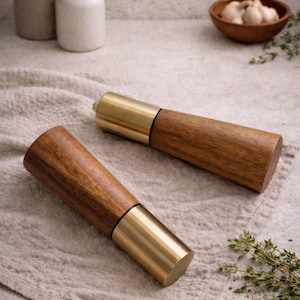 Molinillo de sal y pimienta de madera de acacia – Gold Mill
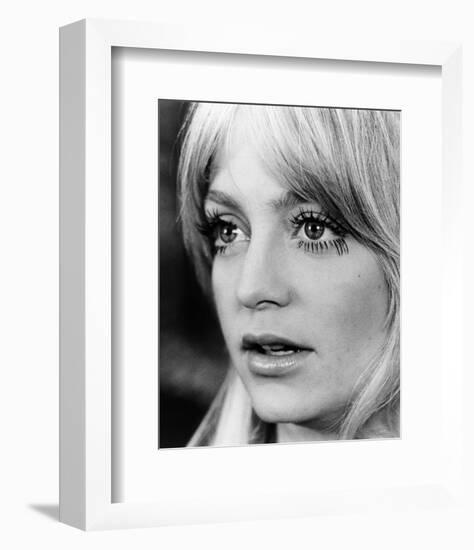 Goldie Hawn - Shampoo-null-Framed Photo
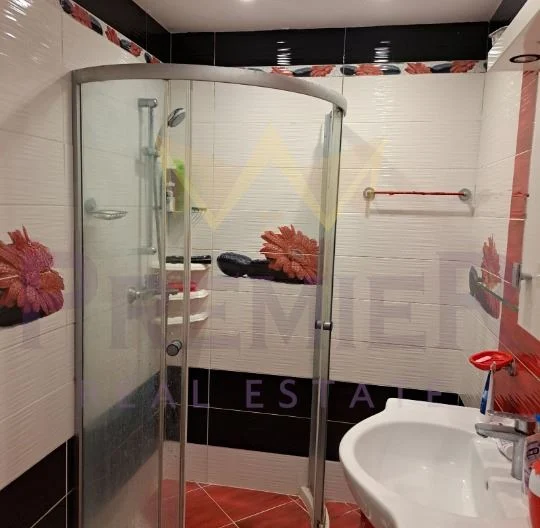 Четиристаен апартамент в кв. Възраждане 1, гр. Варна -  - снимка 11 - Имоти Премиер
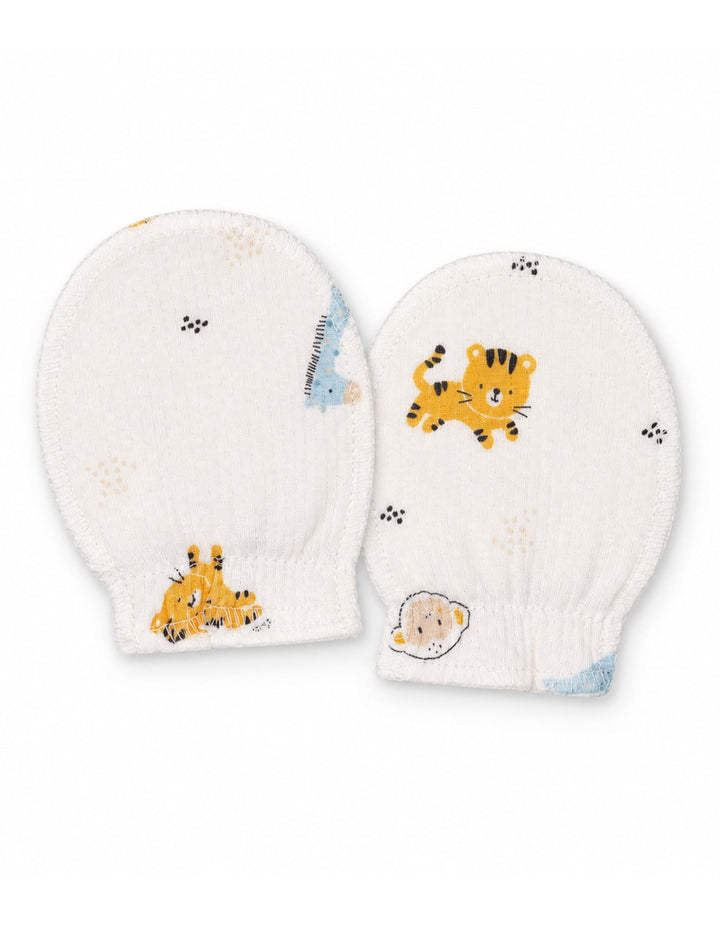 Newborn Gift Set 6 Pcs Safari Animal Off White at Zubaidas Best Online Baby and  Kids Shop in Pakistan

****************

• **WHAT IS BEING ASKED**
The task requires restating verbatim the lines from the one that holds "Четиристаен апартамент в" through the end of the listing, both ends counted, and no pictures.

• **TASK ANSWER**
 Четиристаен апартамент в кв. Възраждане 1, гр. Варна -  - снимка 11 - Имоти Премиер
 Newborn Gift Set 6 Pcs Safari Animal Off White at Zubaidas Best Online Baby and  Kids Shop in Pakistan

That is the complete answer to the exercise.